● PROMPT
From the data below, return only the lines from the one with "media/Nov-14-2024-Racers Edge (Thu)" through the one with "Stylus Pen con", exact and inclusive, with pictures left out.

======== INPUT FOR THIS TASK

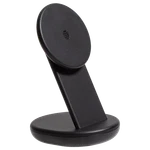 At&t 15W Fast Charge Magnetic Charging Stand. Fixed Price $17.99.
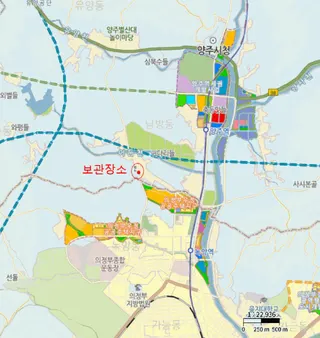 싼타페(SANTAFE) 현황 사진 12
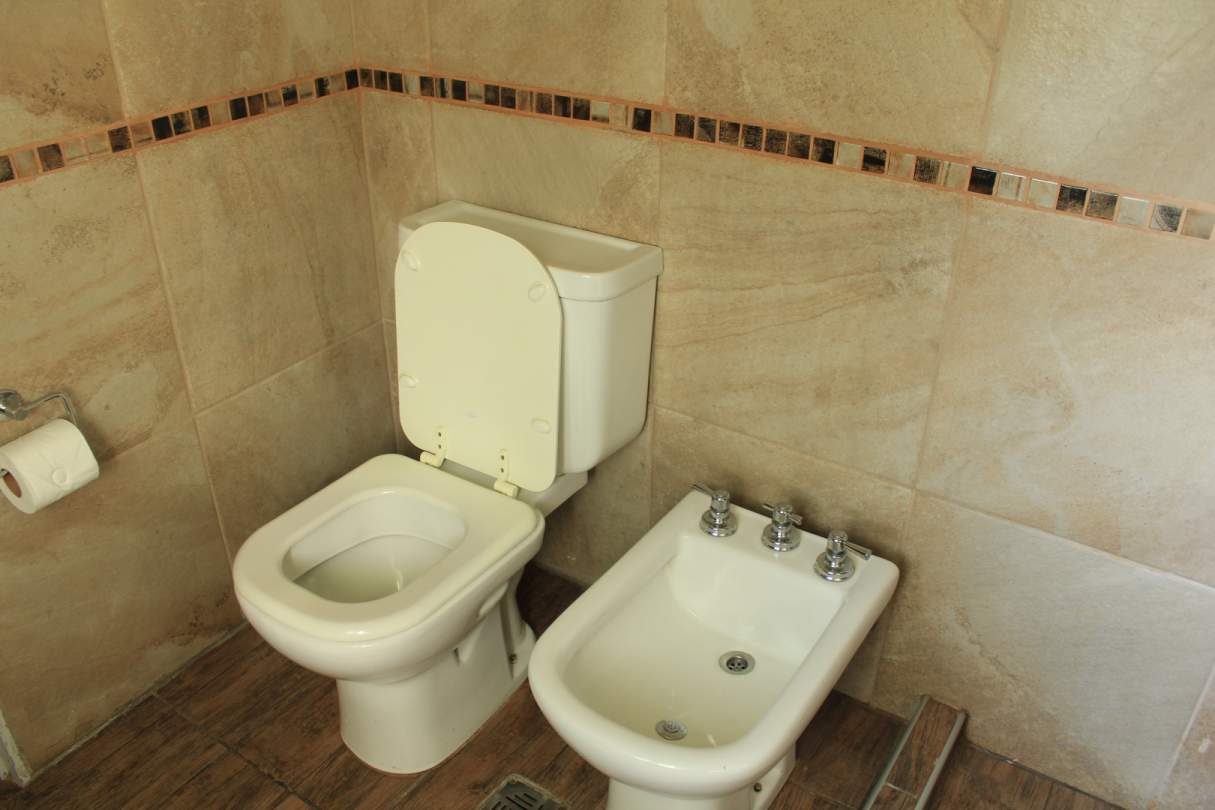 Oportunidad de inversión casa Villa General Belgrano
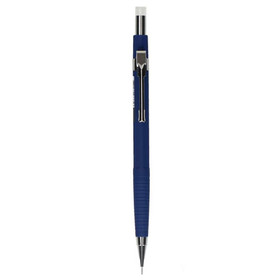 Spirit: Technoline 100 mechanikus ceruza kék színben 0,5mm
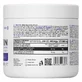 OstroVit, Chondroitin Supreme Pure, 200 г
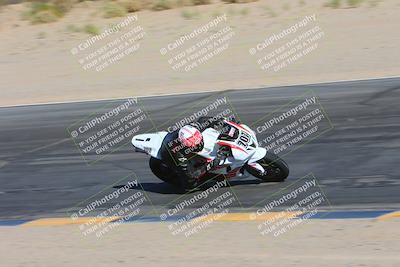 media/Nov-14-2024-Racers Edge (Thu) [[a7815e7aa5]]/3-B Group/Session 4 (Turn 10 Inside From Above)/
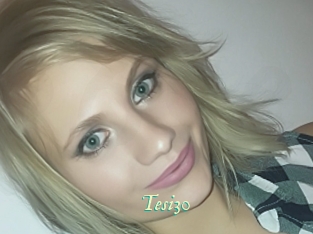 Tesi30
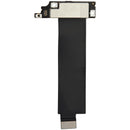 Stylus Pen con cable flex para iPad Pro 11 5th Gen (2024) Premium en Quetzaltenango.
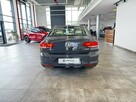 Volkswagen Passat Limousine Comfortline 1.4TSI 150KM M6 2017 r., salon PL, 12 m-cy gwar. - 7
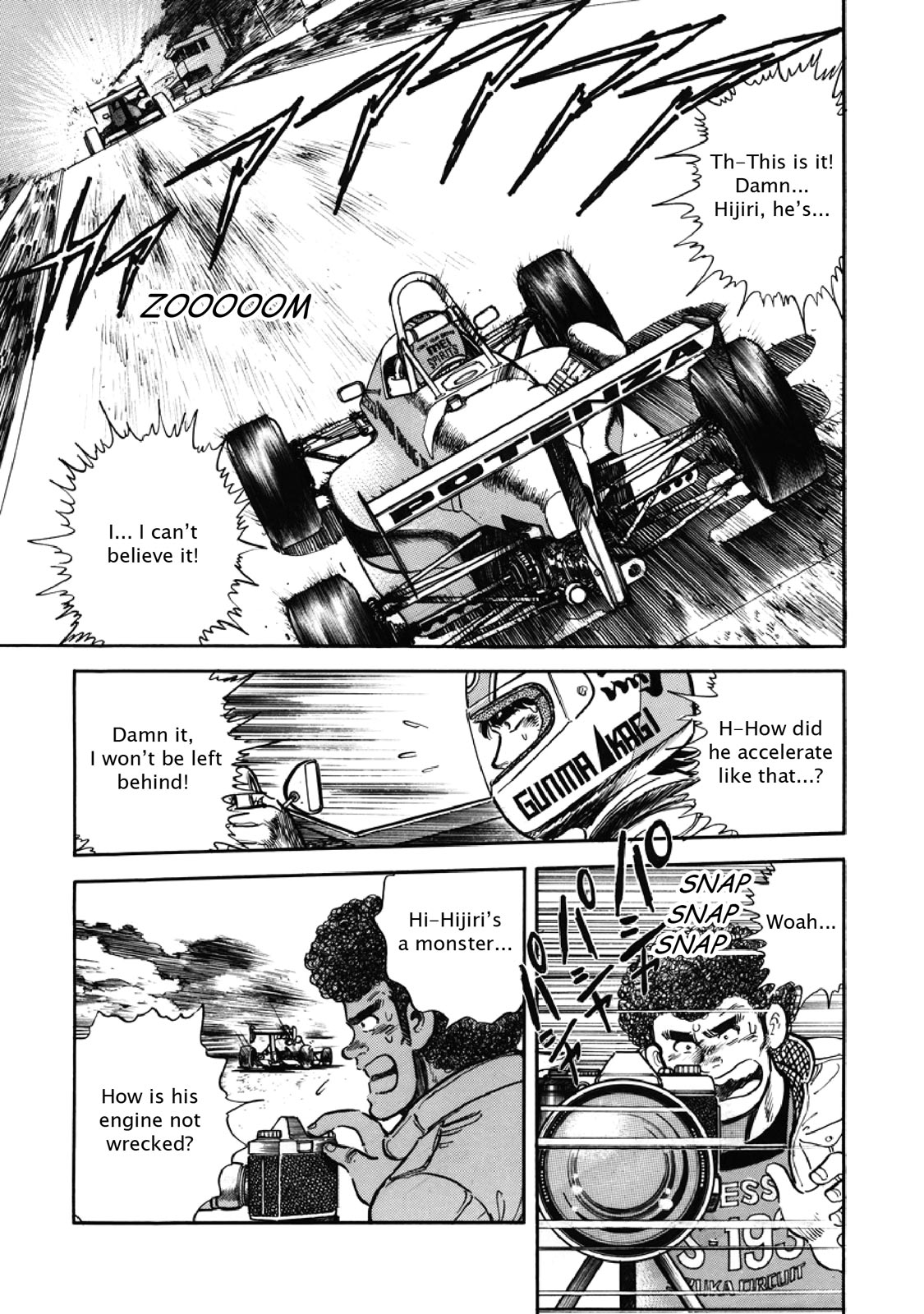 Page 172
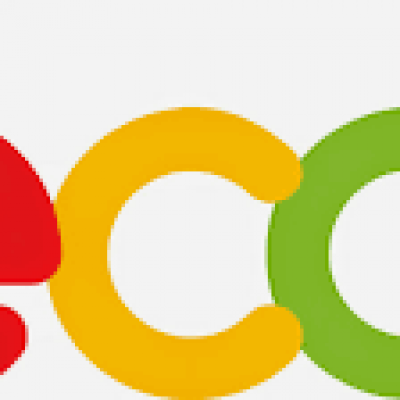 ECA celebra 27 anos e terá sessão especial na Câmara de Vereadores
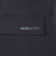 デサント（DESCENTE）テーラードジャケット ST5SJKD3MB BK00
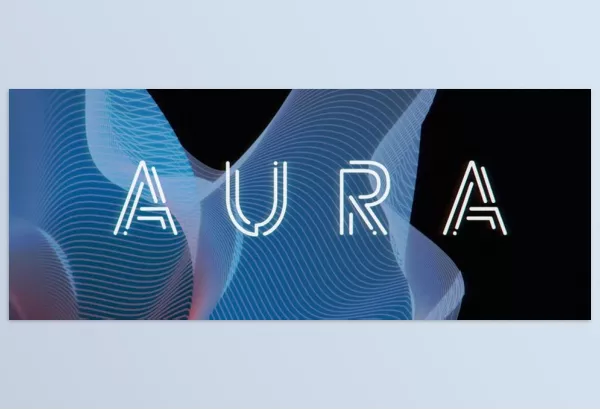 Plugin – Aura by Rowbyte – Download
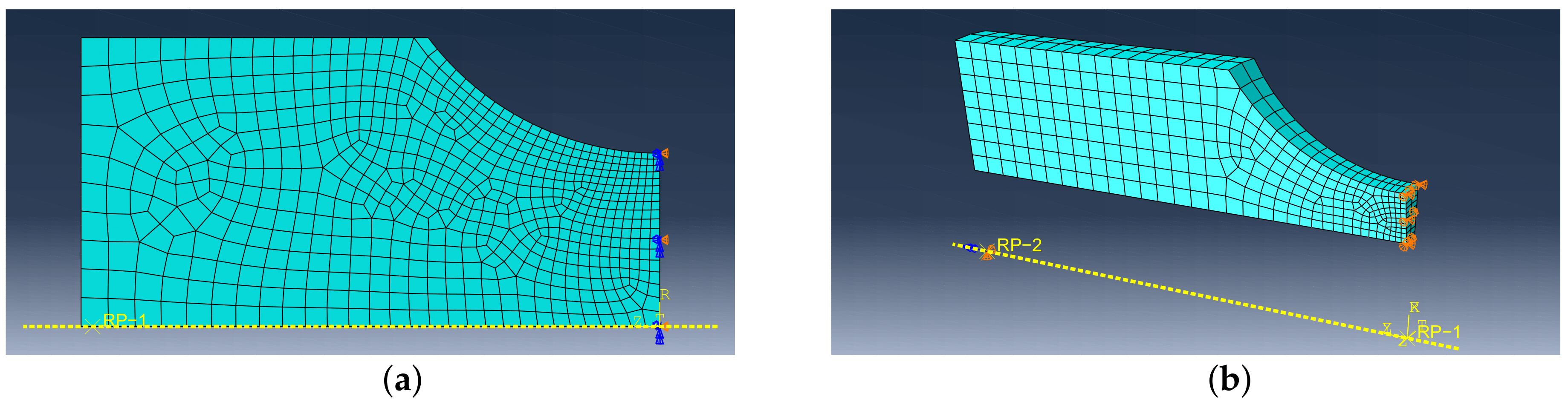 Materials 12 04243 g010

================

● WRITTEN SOLUTION
 media/Nov-14-2024-Racers Edge (Thu) [[a7815e7aa5]]/3-B Group/Session 4 (Turn 10 Inside From Above)/
 Tesi30
 Stylus Pen con cable flex para iPad Pro 11 5th Gen (2024) Premium en Quetzaltenango.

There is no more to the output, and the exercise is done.